Liquidity preferences, I agree, suck and risk making the whole enterprise win-lose.

Dilution is bullshit. It's plutocratic and anti-capitalist. And it absolutely should be banned.

The very idea of the limited liability company is anti-capitalist. You have a bunch of people pooling their money together for common cause, and if it doesn't work out, they're protected legally from the worst consequences. And internally, they're very top down, with very little in the way of prices, markets or auctions. I have yet to find any stories of CEOs being chosen by winning the lowest bid, nor have I seen anyone attach prices to projects completed, bugs filed, or outages resolved.
posted by pwnguin at 2:26 PM on May 20, 2020 [2 favorites]


The very idea of the limited liability company is anti-capitalist.

But when so-called informed investors actually invest in an unlimited liability scheme (because the organisation pre-dated limited companies), they all get let off when it turns out that means unlimited liability. Funny how that turns out, eh?
posted by ambrosen at 9:36 AM on May 23, 2020


What am I missing on that story ambrosen? It seems like individuals being held personally responsible for losses.
posted by mark k at 8:51 PM on May 23, 2020


The Lloyds Names had to pay up in the end ambrosen. Unsurprisingly they didn’t like it very much, but they still had to pay.
posted by pharm at 8:37 AM on May 24, 2020


Aside from the holdouts who insisted they shouldn't have to pay anything that were the subject of the article, the Names in question had their loss capped at £100,000, as was mentioned in passing near the top of the article ambrosen linked.
posted by wierdo at 10:28 AM on May 24, 2020


But this was a settlement? Apparently Lloyd's is weird and not quite a private company, but Lloyd's settling with them seems different than just creating a limited liability about of thin air. To me it seems like consumers settling debt for pennies on the dollar or something.

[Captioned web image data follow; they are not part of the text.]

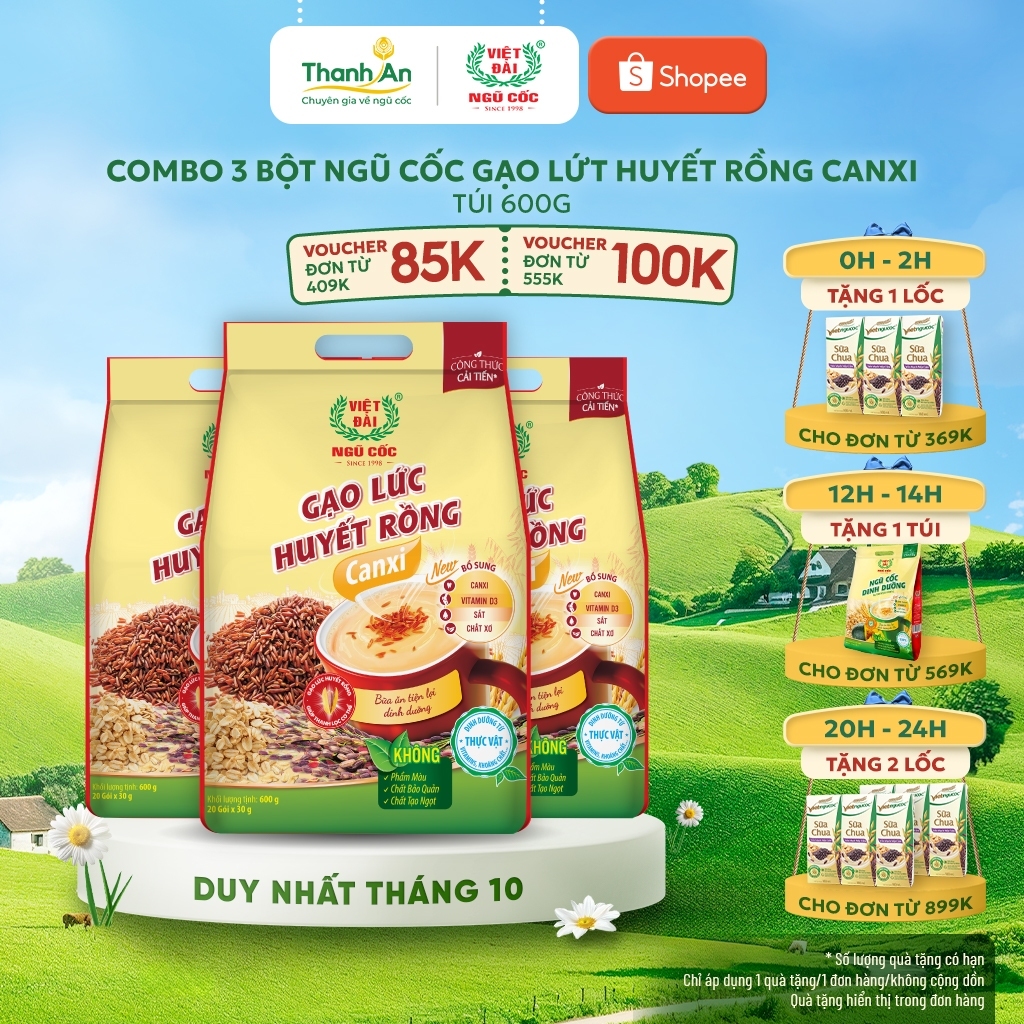 Combo 3 Bột Ngũ Cốc Gạo Lứt Huyết Rồng Canxi VIỆT ĐÀI Thơm Ngon Giúp Thanh Lọc Cơ Thể Túi 600g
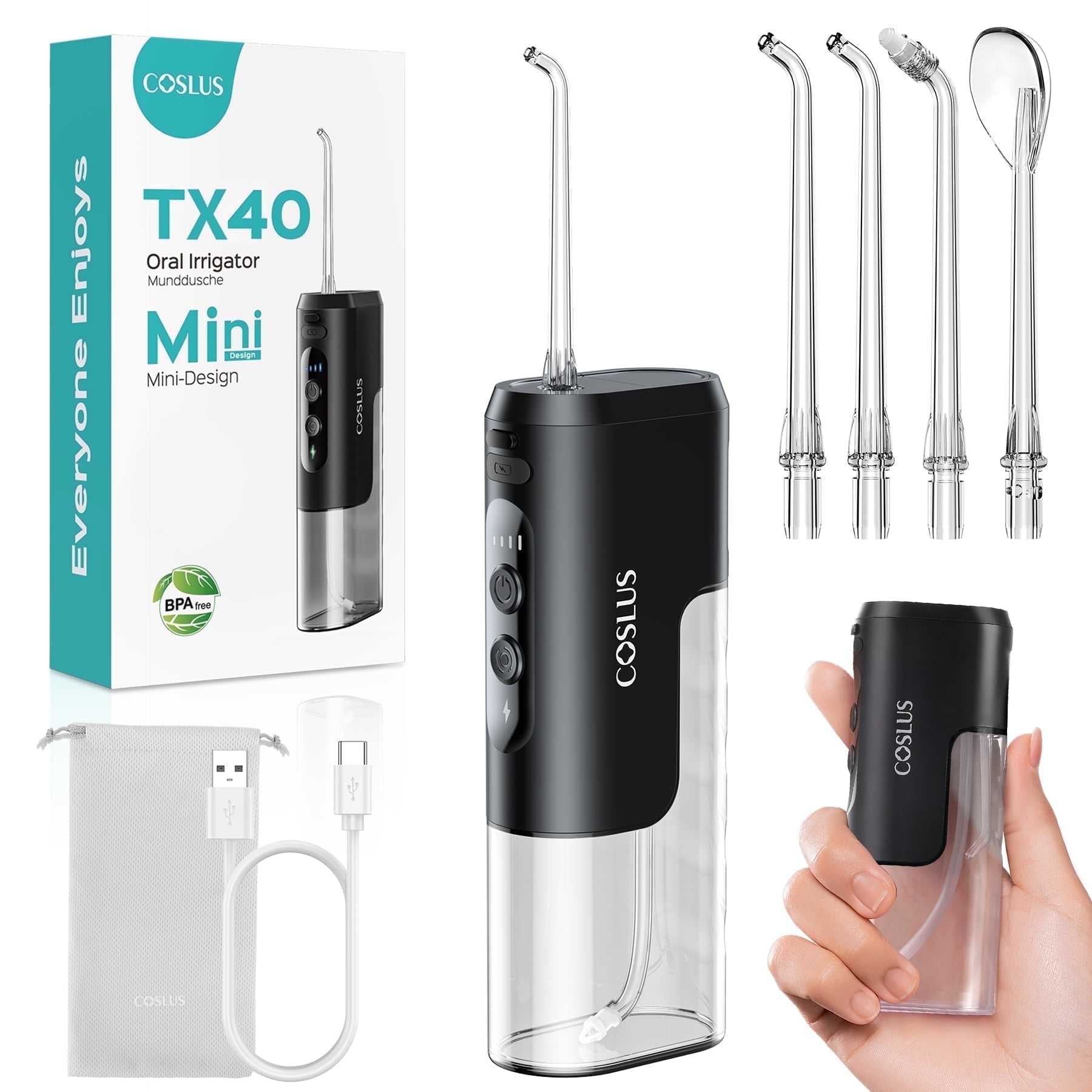 COSLUS Mini Water Dental Flosser Pick for Teeth,4 Modes, 180ml, IPX7 Waterproof,Cordless,Portable,for Braces & Sensitive Teeth-Black
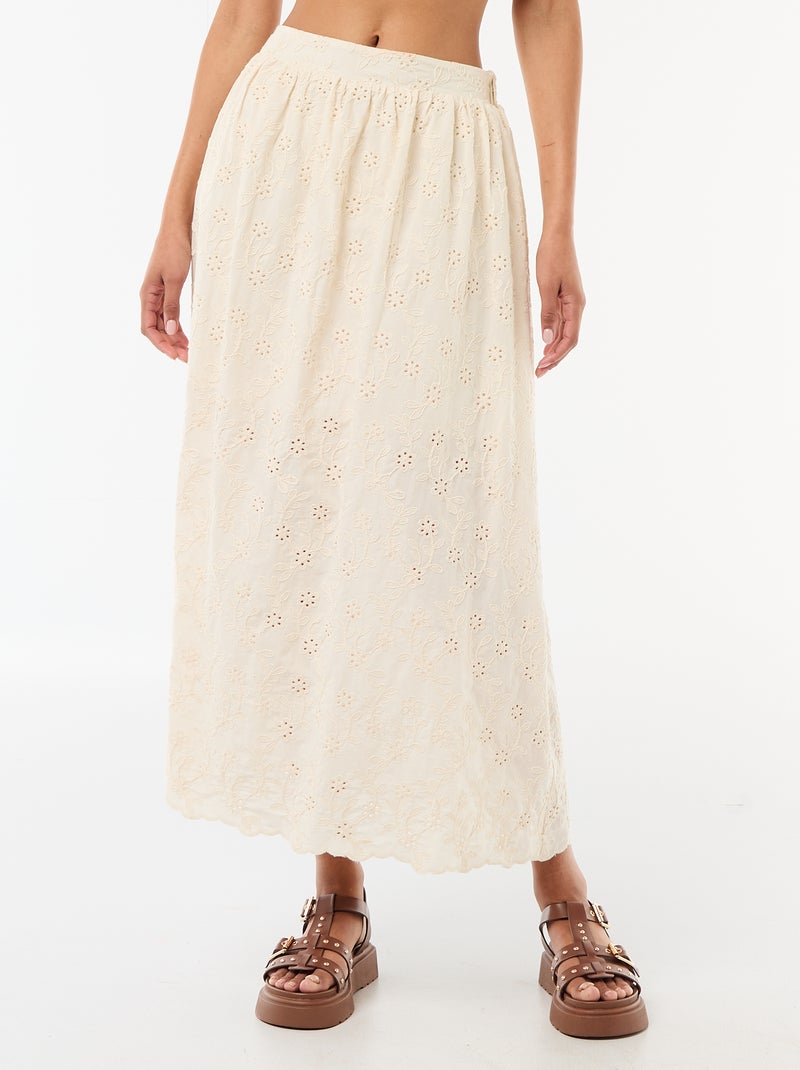 Gonna lunga con ricamo inglese Beige - Kiabi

Which is why I'm wondering if I'm missing something around the interpretation of this. But if it's just two parties agreeing on a transaction (which one of them couldn't offer) it wouldn't have any deeper meaning.
posted by mark k at 12:42 PM on May 25, 2020


The deeper meaning is that once you achieve a certain level of wealth you are seen as a person worthy of consideration by the ultra-wealthy, rather than mere livestock to be milked as much as possible and then slaughtered. Between is the shrinking middle class, who are milked for as long as possible.

If it's possible to find out who all was involved in the reinsurance consortium it would be interesting to know and possibly enlightening, but I honestly don't care enough to go searching.
posted by wierdo at 12:55 PM on May 25, 2020


Well, since you mentioned it, I went digging briefly and found this: For the first time in three centuries, the code of silence at the oldest insurance market in the world has been broken with the disclosure of the identities of thousands of figures who financed the market in 2000 and 2003.

So I guess it's normally secret, except that one time. Anyways, my argument isn't that we should abolish limited liability, but that we have accepted a middle ground and this instance only highlights the reasons we did so.